§ Short web captions:
================
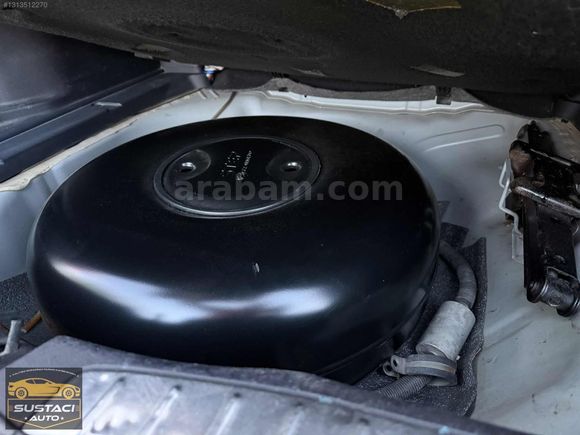 2011 CR-V 2.0 i-VTEC Elegance Değişensiz Bakımlı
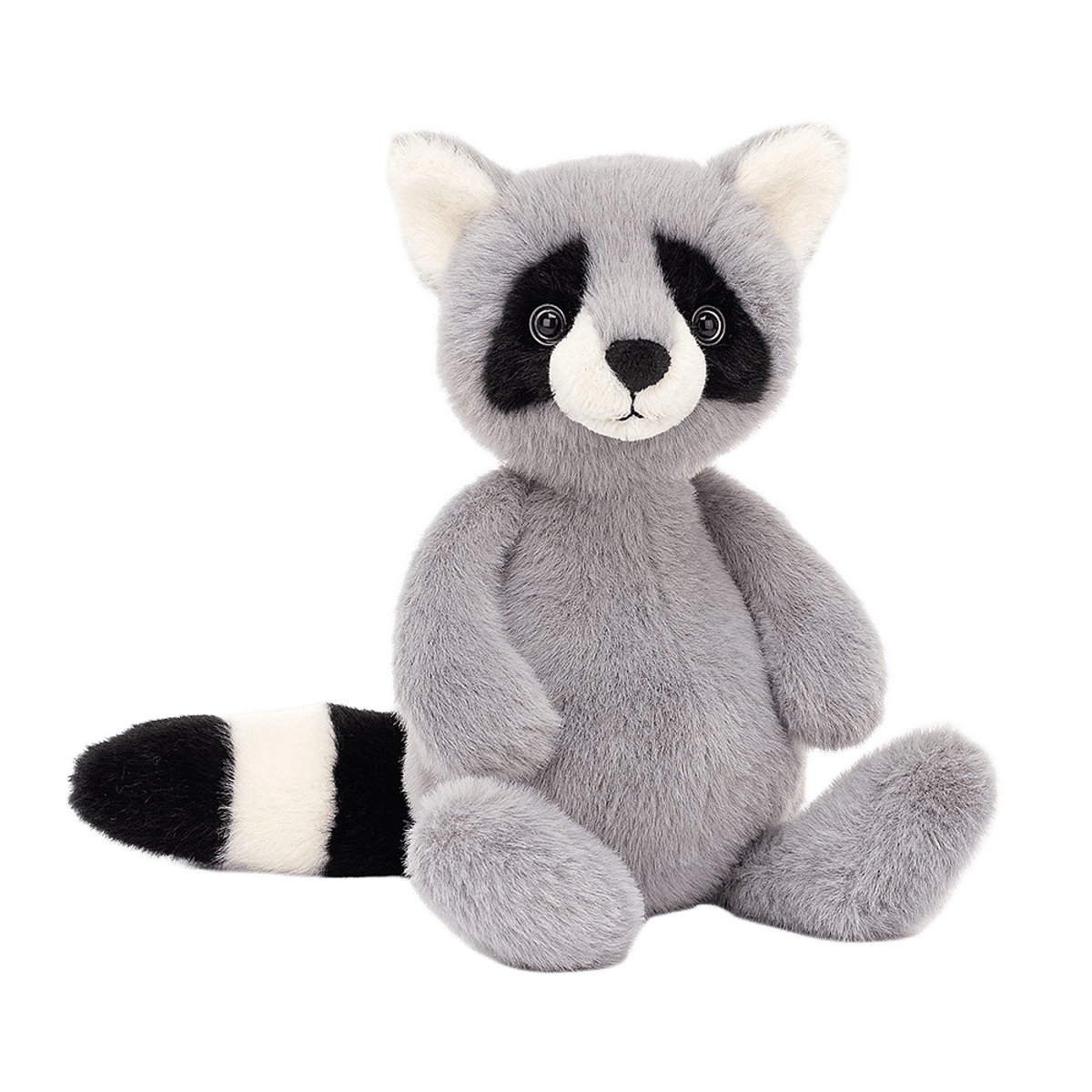Whispit Raccoon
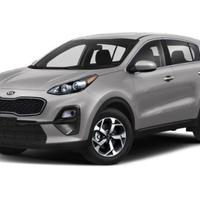 Muso musata kit airbag motore kia sportage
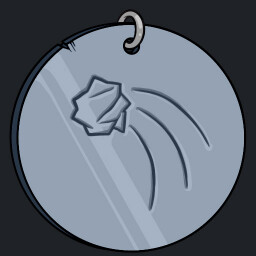 Achievement icon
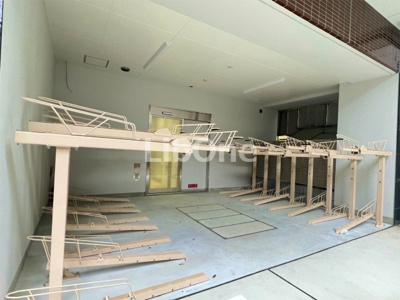 【その他共用部分】 | レ・ソール本八幡パラシオン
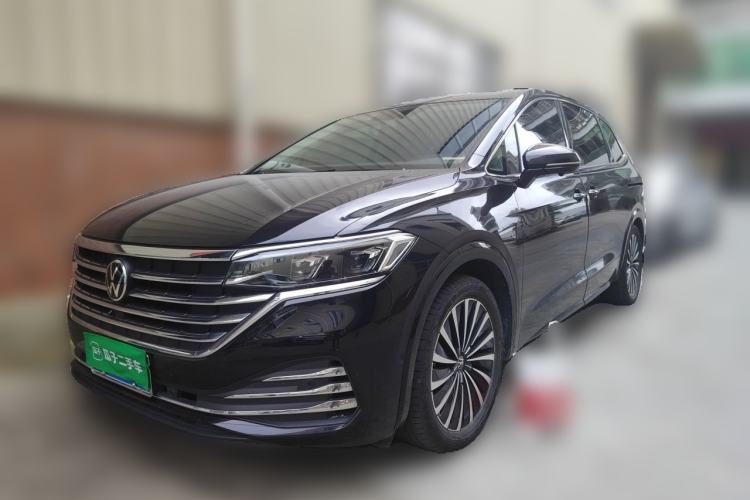 Used Volkswagen Viloran 2023 Revised 380TSI Prestige Edition Guazi used car, China used car export, Used car for sale, Used cars, Cheapest cars for sale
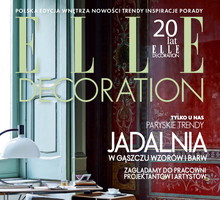 ELLE Decoration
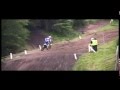 MX 2 Hjørring 2008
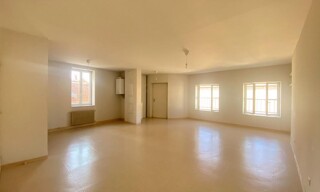 Appartement 4 Pièces 90 m² à vendre à Riom (63200)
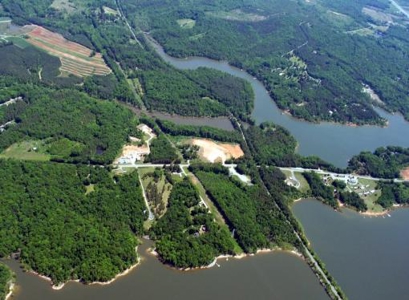 What A Waterfront Deal On Kerr Lake, Va - image 6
================
§ WHAT NEEDS TO BE DONE: Apart from the pictures, which are to be omitted, every record must be transcribed exactly.

§ COMPLETED EXERCISE:
 2011 CR-V 2.0 i-VTEC Elegance Değişensiz Bakımlı
Whispit Raccoon
 Muso musata kit airbag motore kia sportage
 Achievement icon
 【その他共用部分】 | レ・ソール本八幡パラシオン
 Used Volkswagen Viloran 2023 Revised 380TSI Prestige Edition Guazi used car, China used car export, Used car for sale, Used cars, Cheapest cars for sale
 ELLE Decoration
 MX 2 Hjørring 2008
 Appartement 4 Pièces 90 m² à vendre à Riom (63200)
 What A Waterfront Deal On Kerr Lake, Va - image 6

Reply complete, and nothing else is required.